Le couple se relaye pour couver les œufs. J'ai eu le malheur d'aller voir, et ma tutrice a vu mon escapade, et m'a ordonné de redescendre. J'ai reçu des réprimandes, car elle m'expliqua que je ne devais pas toucher aux œufs, et de me rappeler que j'étais tombée d'un nid, il fallait que je me souvienne de cela.
Opportuniste, je ne suis pas venue la voir un matin. Le lendemain, tandis que je la voyais arriver, j'étais en train de me planquer, je montais sur les branches d'un conifère, puis j'ai atterri sur sa tête fièrement et je me suis posée sur le bout d'un gros arbre touffu, lui montrant un œuf blanc parfait mais bien découpé au-dessus. Elle se posait des questions, d'où venait-il ?

Successivement à de longues nuits d'été chaudes, cet orage a éclaté, nous nous en souviendrons. Ma tutrice pensait à moi, hors je suis à présent très bien adaptée à ces orages, elle n'a pas bien dormi. Le lendemain matin, la voici avec des petites choses à grailler.

Quelques branches sont tombées, le nid des pigeons est toujours là, la femelle va laisser place au mâle, et va pouvoir se dégourdir les pattes. Le rouge-gorge est très curieux se plante et fait voler les feuilles alourdies par l'eau de pluie, il ressemble à une feuille d'un orange très vif qui virevolte, ses gros yeux noirs dominent et il prend un doux plaisir à venir voir ce qu'il se passe de temps en temps, au sol. Il vole très vite, il faut une bonne acuité pour le voir, mobile, ainsi que tous les autres, il y a un verdier, des mésanges, c'est un ballet merveilleux.
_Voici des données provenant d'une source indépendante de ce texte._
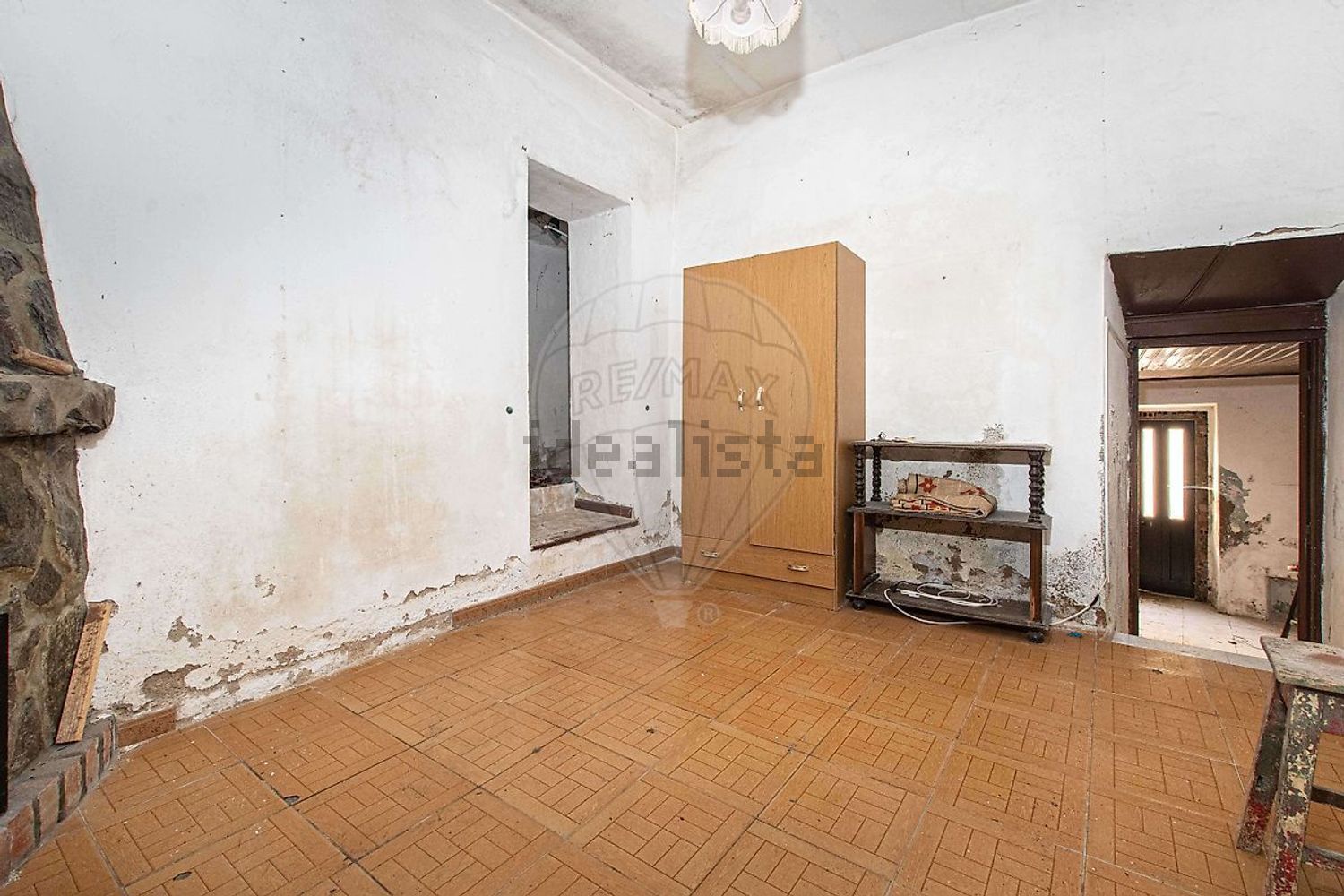 小楼房或独栋别墅出售在Rua dos Manelões - 照片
J'entends une pie qui fait un boucan d'enfer, mais qu'a-t-elle vu pour être aussi alerte, je ne bouge pas, je reste avec mes amis, tuteurs les êtres humains.

Puis, ma tutrice entend un miaulement si petit, qu'elle pense que c'est un petit chat, et demande à son compagnon d'aller voir, elle écoute précisément le lieu où cela pourrait se produire. Son compagnon ne trouve rien et revient bredouille. Nous continuons nos conversations, et bien plus tard, le petit cri recommence de façon plus intense.
"On dirait un chaton coincé quelque part" dit-elle.
Son compagnon va, de nouveau voir, elle lui indique ce que son oreille lui donne comme territoire, "C'est là-bas".
Il s'écrie : "C'est un petit chat minuscule, un chaton !"
Ma tutrice était avec moi, pas question qu'elle s'en aille, je monopolisais son attention.
Puis il lui dit : "Il est seul et a très peur..."

Je savais bien que ma tutrice allait se mobiliser de nouveau pour sauver une autre bête.

Elle va voir et trouve un minuscule chaton gris caché sous un conifère.
Les épines piquent, sa mère ne doit pas être bien loin, mais elle a entendu ses cris depuis plusieurs heures ce matin.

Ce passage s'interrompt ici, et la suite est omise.